If you want to find matching elements between two arrays just use & like so:
array1 = [2,3,4,5,6,7] #does not have repeated values[2,2,3] and the values are sorted
array2 = [2,5,7]
matches = array1 & array2
=> [2, 5, 7]
To print the matches and indexes found in each array, just loop through the matches array like so:
matches.each do |number|
puts "Match found element #{number}"
puts "array1 index=#{array1.rindex(number)}"
puts "array2 index=#{array2.rindex(number)}"
end
Match found element 2
array1 index=0
array2 index=0
Match found element 5
array1 index=3
array2 index=1
Match found element 7
array1 index=5
array2 index=2
For your codes, you just need to use break to exit the array2 loop, move to the next element in array1.
array2.each_with_index do |arr1, i1|
array1.each_with_index do |arr2, i2|
if (arr1==arr2)
puts ("Match found element array1: #{arr1} #{i1} and array2: #{arr2} #{i2}")
#if match element is found, exit from the current loop
break
end
end
end
Match found element array1: 2 0 and array2: 2 0
Match found element array1: 5 1 and array2: 5 3
Match found element array1: 7 2 and array2: 7 5
or
(array1 & array2).map{ |e| puts "Match found element #{e}" }
Match found element 2
Match found element 5
Match found element 7
Here's another way:
array1 = [2,3,4,5,6,7]
array2 = [2,5,7]
h = array1.each_with_index.to_h
#=> {2=>0, 3=>1, 4=>2, 5=>3, 6=>4, 7=>5}
array2.each_with_index.with_object({}) { |(v,i),g| g[v] = [h[v],i] if h.key?(v) }
#=> {2=>[0, 0], 5=>[3, 1], 7=>[5, 2]}
The second expression can be broken down as follows:
e0 = array2.each_with_index
#=> #<Enumerator: [2, 5, 7]:each_with_index>
We can see the elements of this enumerator by converting it to an array:
e0.to_a
#=> [[2, 0], [5, 1], [7, 2]]
e1 = e0.with_object({})
#=> #<Enumerator: #<Enumerator: [2, 5,7]:each_with_index>:with_object({})>
e1.to_a
#=> [[[2, 0], {}], [[5, 1], {}], [[7, 2], {}]]

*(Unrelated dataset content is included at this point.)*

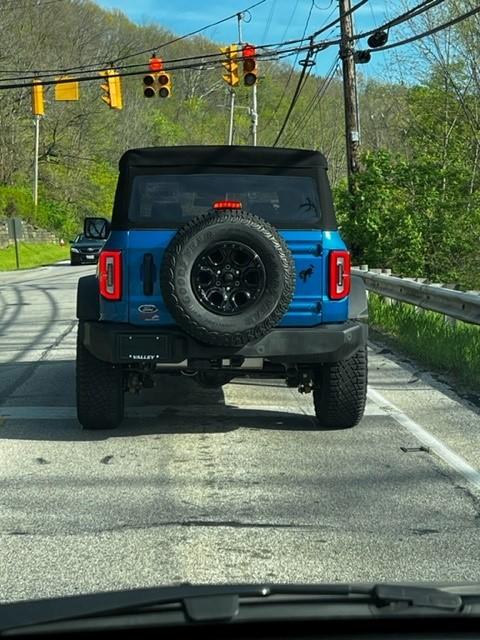 Ford Bronco 🛠 1/17/2022 Build week group Bronco8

The elements of the enumerator e are passed to the block and assigned to the block variables by Enumerator#each. The first (obtained using Enumerator#next) is:
(v,i),g = e1.next
#=> [[2, 0], {}]
v #=> 2
i #=> 0
g #=> {}
We can now execute the block:
g[v] = [h[v],i] if h.key?(v)
#=> g[2] = [h[2],0] if h.key(v)
# g[2] = [0,0] if true
The next element of e1 is now passed to the block:
(v,i),g = e1.next
#=> [[5, 1], {}]
v #=> 5
i #=> 1
g #=> {2=>[0, 0]}
g[v] = [h[v],i] if h.key?(v)
# g[5] = [h[5], 1] if h.key?(5)
# g[5] = [3, 1] if true
g #=> {2=>[0, 0], 5=>[3, 1]}
The calculation for the last element of e1 is similar.